I have been accused of being a follower. Why? Because I decided to share my thoughts on a movement that means to so much to me. Yet they did not believe me when I said this. Told me that I had no place to speak out on such a subject.
It took me awhile to realize that this is because they thought I was white.
See,I am one of those people who has a particular skill. I can “pass” as a different race as long as my face isn’t shown. My name, my voice, my way of writing. All passing in the eyes of society. It is not something that I like to think about but I do acknowledge that I get a sense of pleasure when people first stumble upon what I looked like.
My name is Jessica. Such a mundane and boring name. I hated it as a kid and I hate it even more now. There is no history to this name. No culture related stories I can tell to my friends. No one will look at me and ask me the origin of my name. I hated how unoriginal it was growing up. It didn’t help that people teased me over it, but really, that was a given since nothing is sacred with it comes to bullies. So yea, I hated it and I hate it now. Though less so than I used to.
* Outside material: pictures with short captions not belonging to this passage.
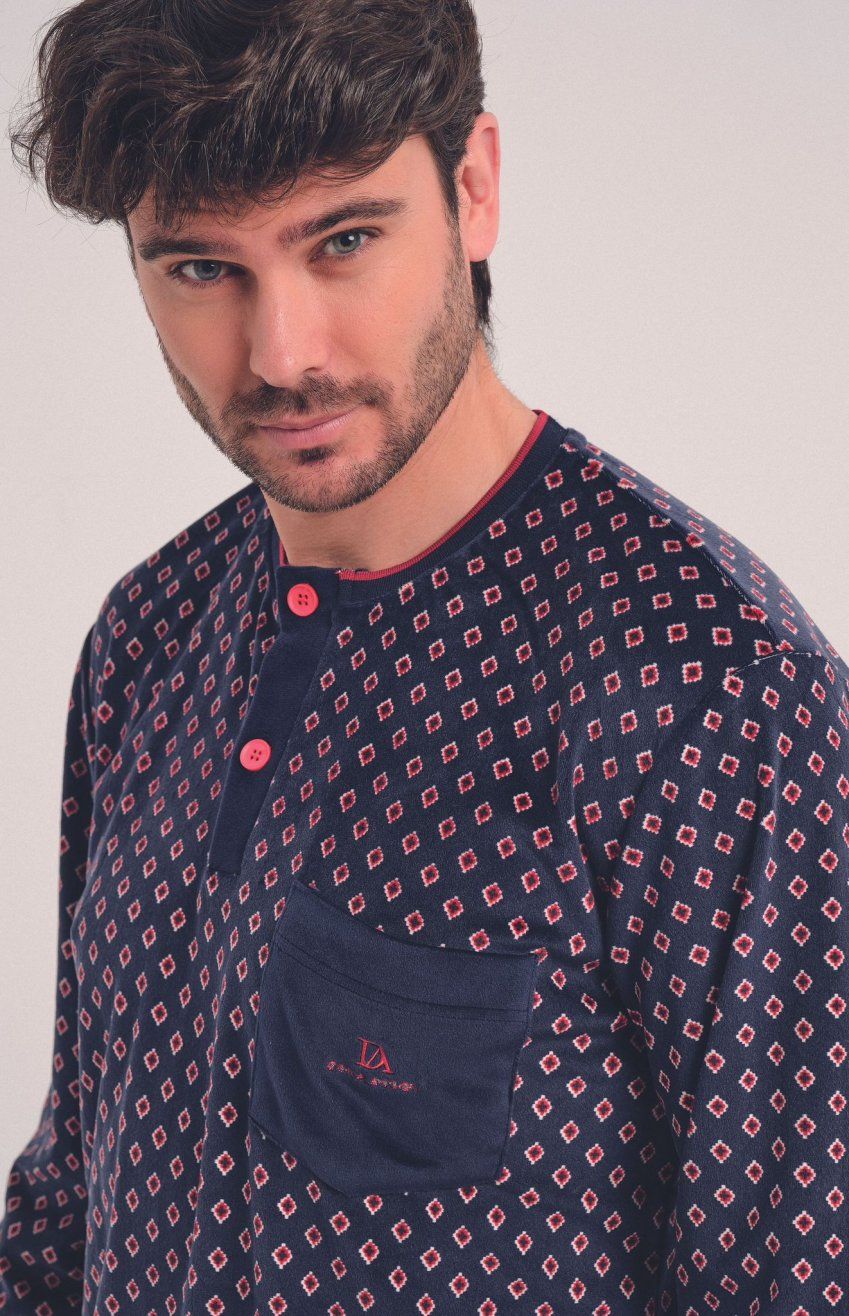 DA 25W307 PIJAMA HOMBRE VELVET SPANDEX DON ALGODON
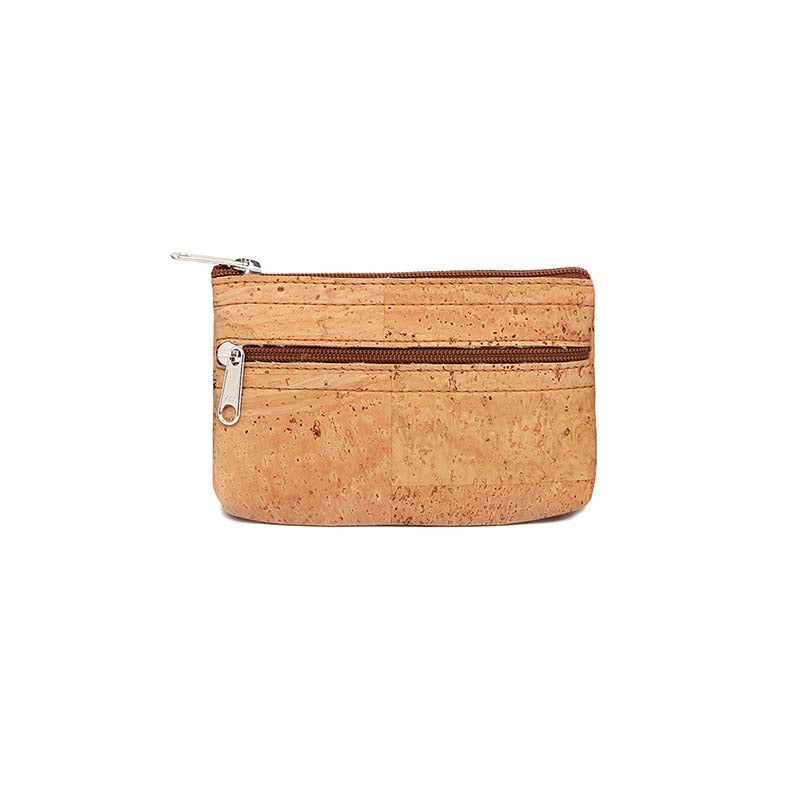 Mini natural cork coin zipper purse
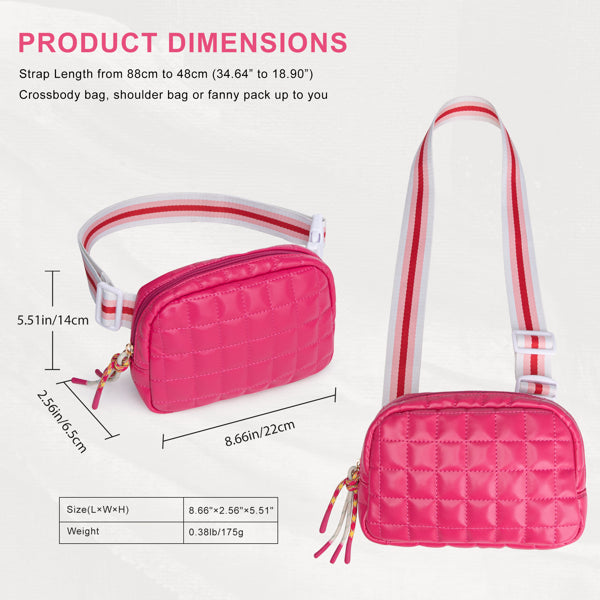 Small rose-pink quilted puffer fanny pack with a striped adjustable strap and zipper, showing product dimensions.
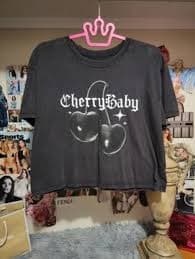 Cherry printed crop top Rebellious One | Mercari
As a brown skinned Jessica I pass. I am assumed to be not like “them” as though that is something to have pride in. Not like “them” but I am not accepted into any other group. So who I am? It doesn’t matter as much as it used to.
Still, I fight for the culture I was born into. I feel pride in my brown skin in the proper way, whatever that means. But because of my ability to pass I am often faced with those who feel like I have no space to speak in.
This girl told me that I should stick to my own kind yet when I do so i am ridiculed. It isn’t my fault that can’t see who I am really am but once I educate her on that fact I get blocked.
Or I get told to shut up
Or I get called a race traitor
One I was even called an Uncle Tom. Though that one was because I have a biracial daughter.
I am brown. My skin, as my daughter says, the color of the earth we play in. The one that sheltered the plants. Life thrives beneath my skin. I am proud of it and my connection to such a beautiful phenomenon.
And I stand by my people, my culture that I love, and fight for the injustice thrust upon us. I may not be without privilege but I still have my sense of justice. And I will fight till my brown matters in the eyes of the law and the society in which I live in.